I have a pandas dataframe df:
TypeA TypeB timepoint value
A AB 1 10
A AB 2 10
A AC 1 5
A AC 2 15
A AC 3 10
...
D DB 1 1
D DB 2 1
How can I run a function several times on a the unique combinations of 'TypeA' and 'TypeB' and store the results in a new dataframe?
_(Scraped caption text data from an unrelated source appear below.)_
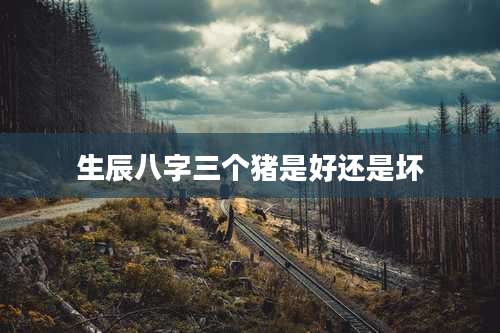 生辰八字三个猪是好还是坏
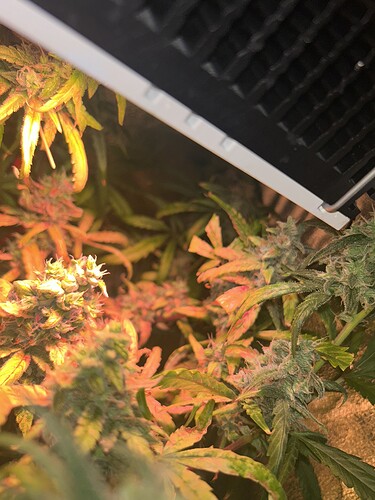 Growreport Bild 6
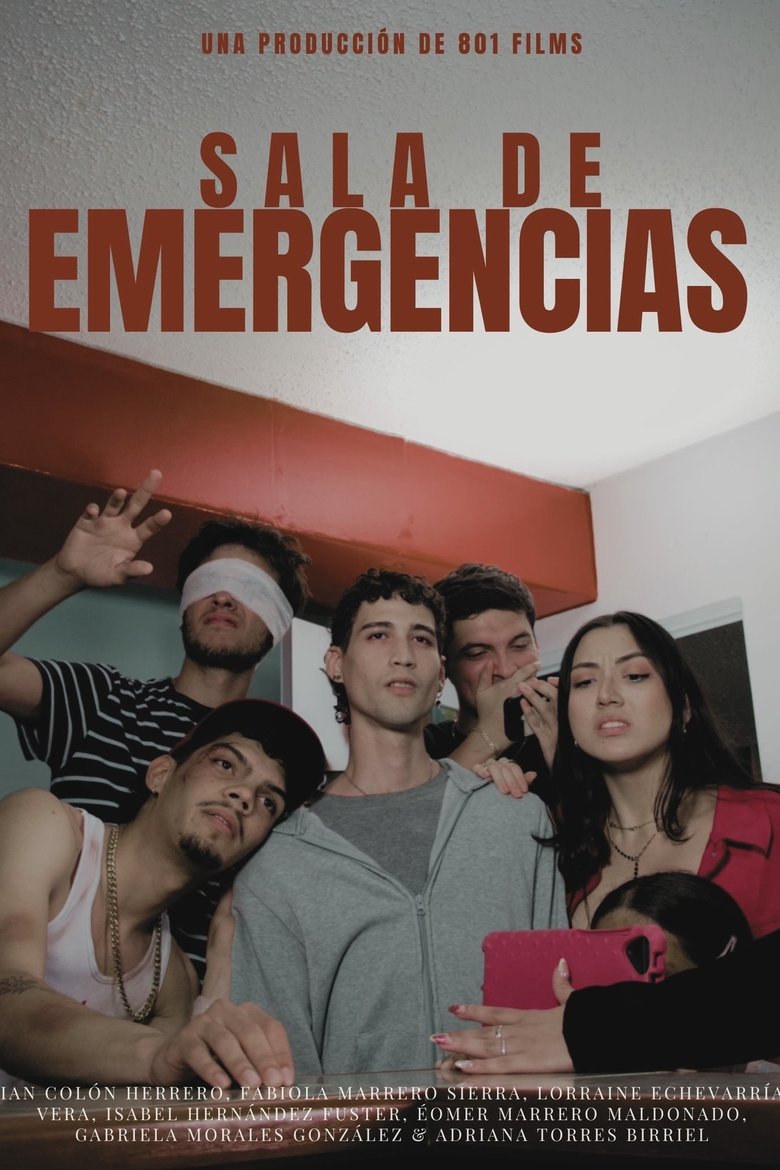 Poster of Emergency Room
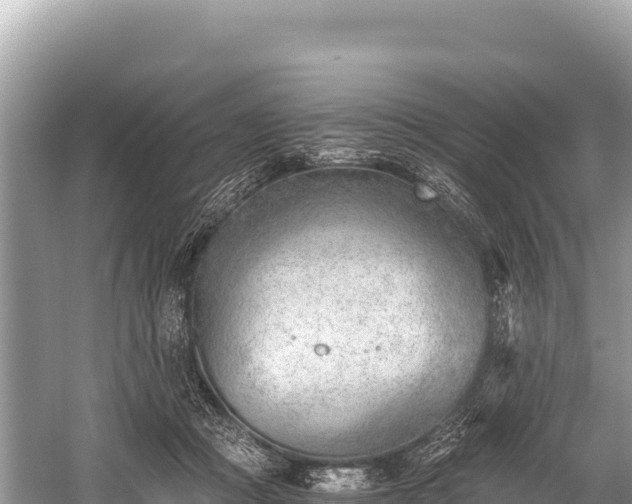 X0000060230361200510311553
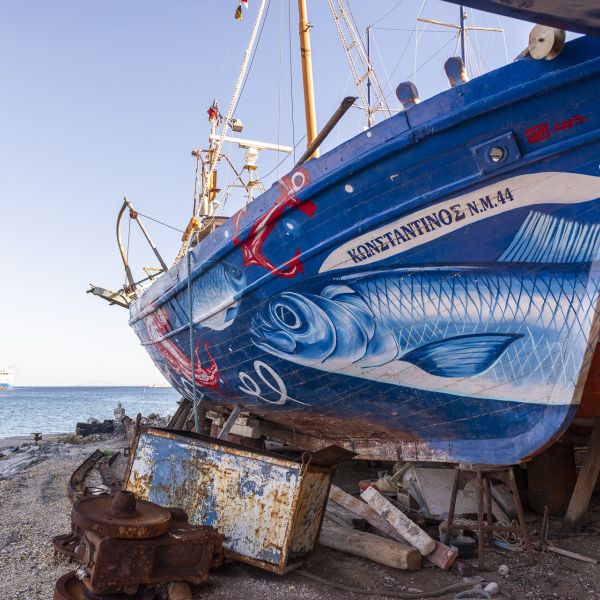 1cc3ce1b-53ad-4780-ad2c-aff8b9f41a18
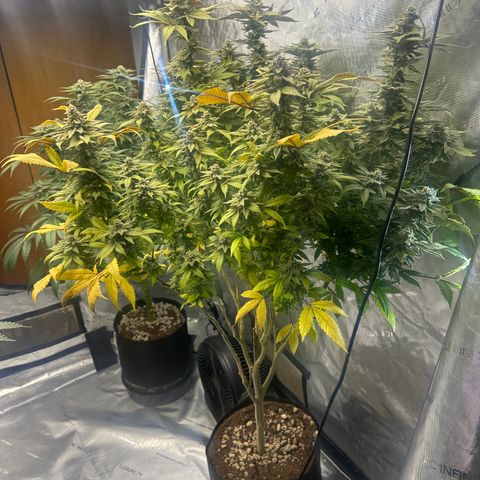 LW4 growlog timeline photo
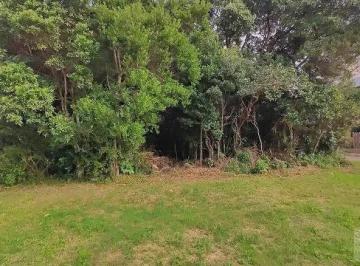 terreno-lote-condominio-a-venda-371m-no-campeche-florianopolis (12) · Terreno de 385.61m² no bairro Campeche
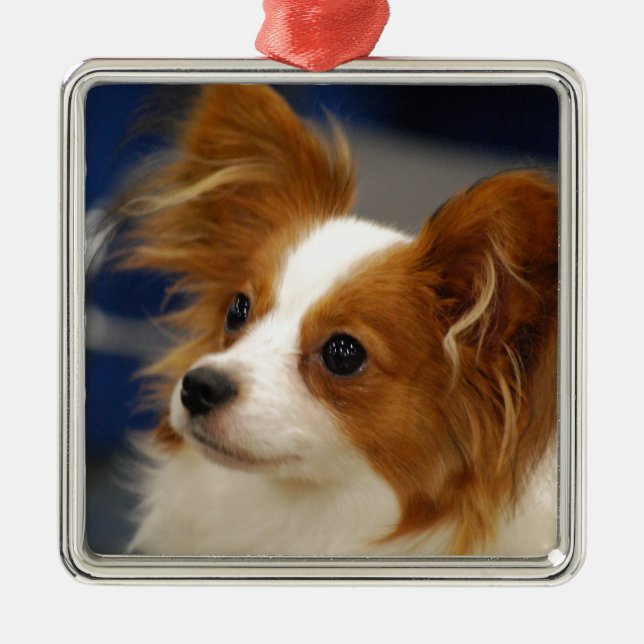 Adorno Metálico Perro lindo de Papillon (Frente)
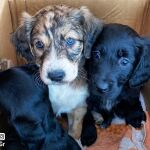 Los cachorros rescatados
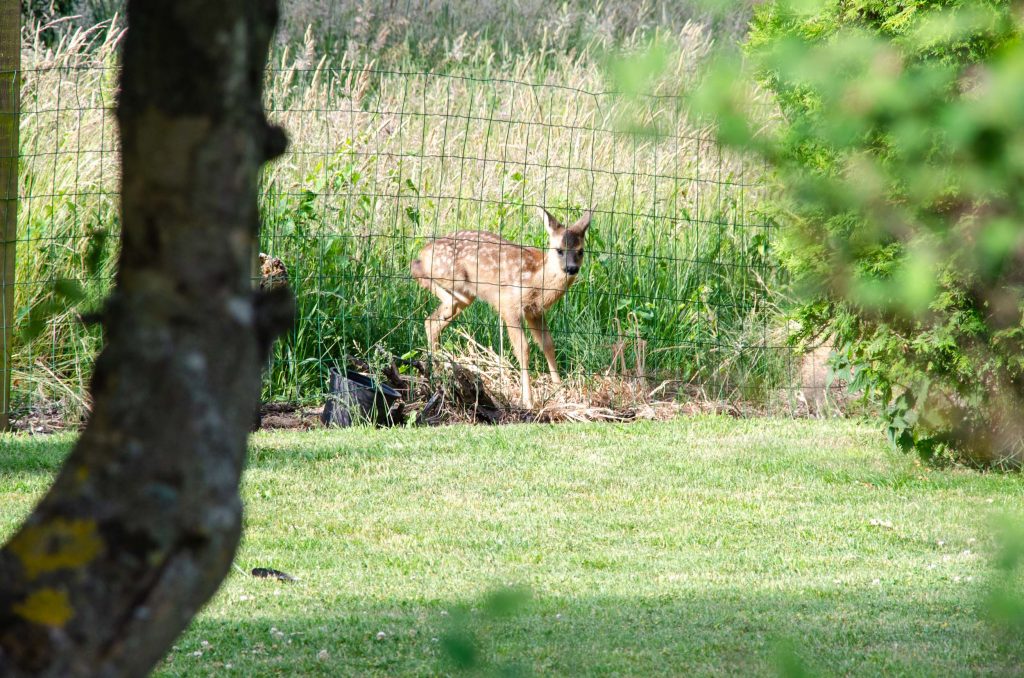 Route Roadtrip Denemarken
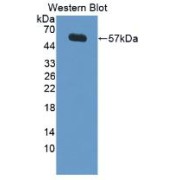 Western blot analysis of recombinant Pig LBP.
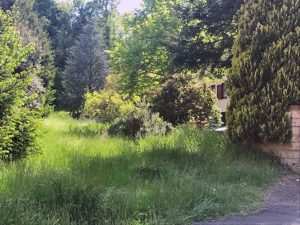 Erbacce ad Acquapendente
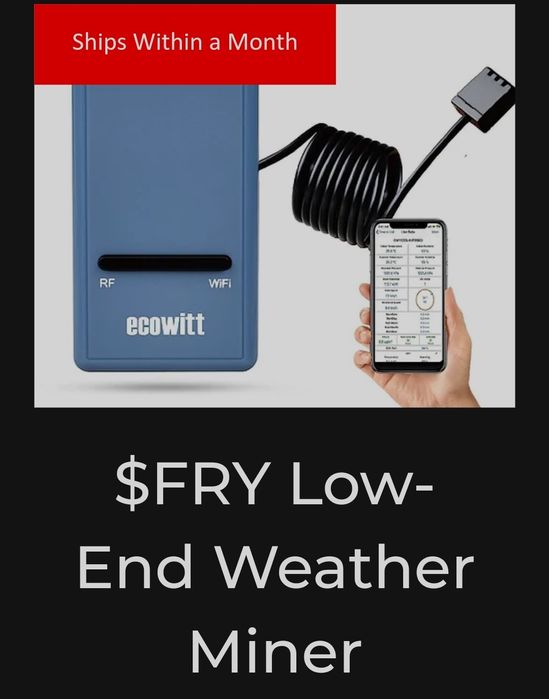 Ecowitt mineradora de crypto Fry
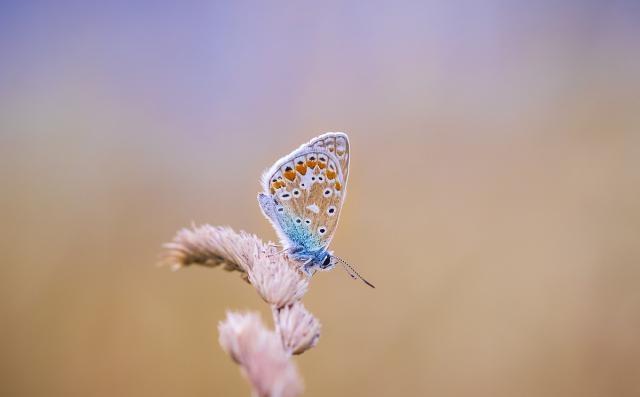 字字千金的人生金句，睿智深刻，总结的真到位！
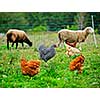 Chickens and sheep freely grazing on a small scale sustainable farm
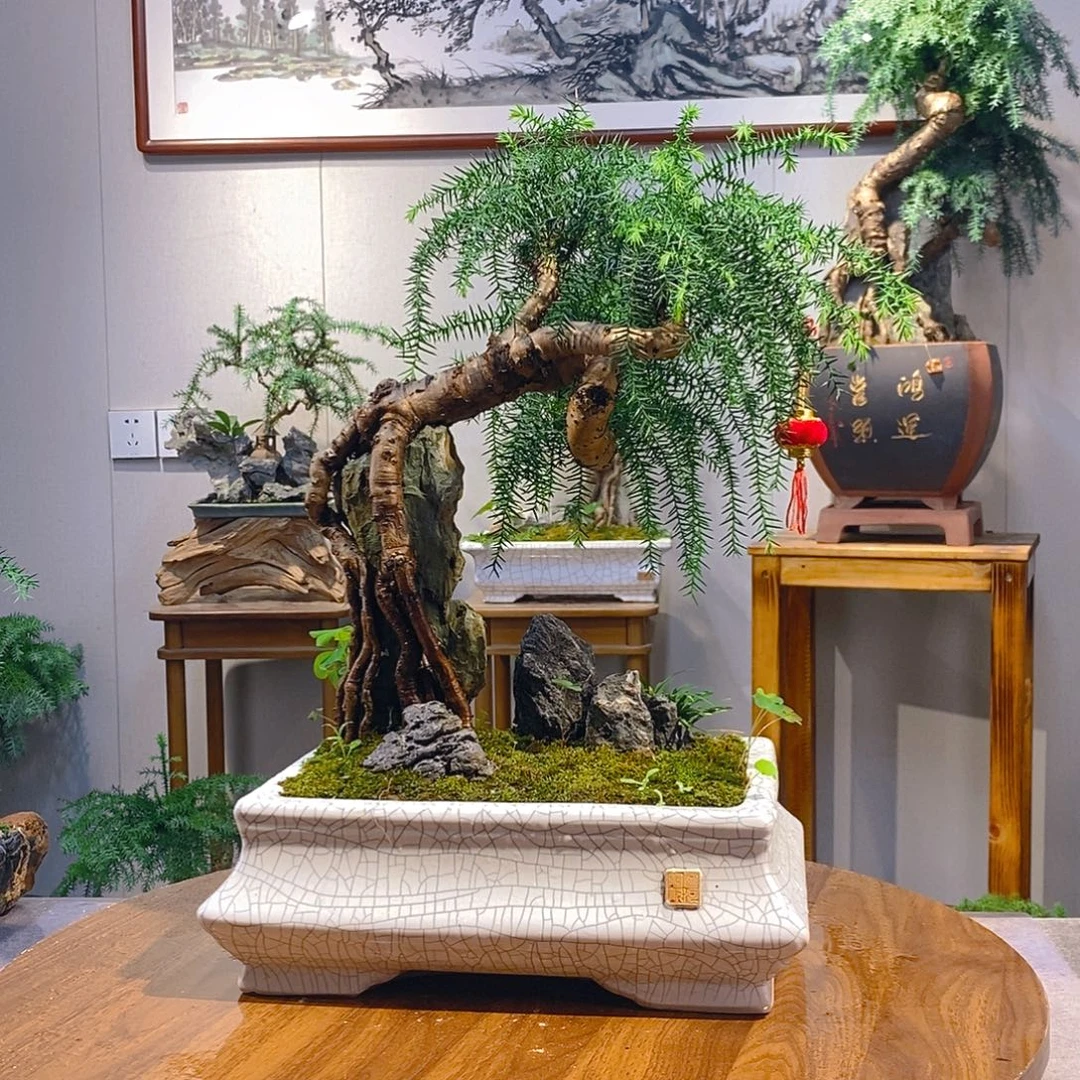 A***司无花朵澳洲杉1111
Let's assume the following function:
import numpy as np
def running_mean(x, N):
cumsum = np.cumsum(np.insert(x, 0, 0))
return (cumsum[N:] - cumsum[:-N]) / float(N)
Normally, I would do a for-loop
, but I think that is not a good idea (and I miss the savings of the functions):
df4 = pd.DataFrame()
for i in df['typeA'].unique().tolist():
df2 = df[df['typeA'] == i]
for j in df2['typeB'].unique().tolist():
df3 = df2[df2['typeB'] == j]
moving_av = running_mean(df3['Wert'].values, 2)
df3.iloc[1:1+len(moving_av), df3.columns.get_loc('moving_av')] = moving_av
df5 = pd.concat([df5, df3])
df = pd.merge(df, df5, how='left', on=['typeA', 'Type', 'Kontonummer', 'timepoint'])
My desired output is:
TypeA TypeB timepoint value moving_av
A AB 1 10 NaN
A AB 2 10 10
A AC 1 5 NaN
A AC 2 15 10
A AC 3 10 12.5
...
D DB 1 1 NaN
D DB 2 1 1
Please note that the simple 'sum' function is only a example, I am searching for a solution for a bigger function.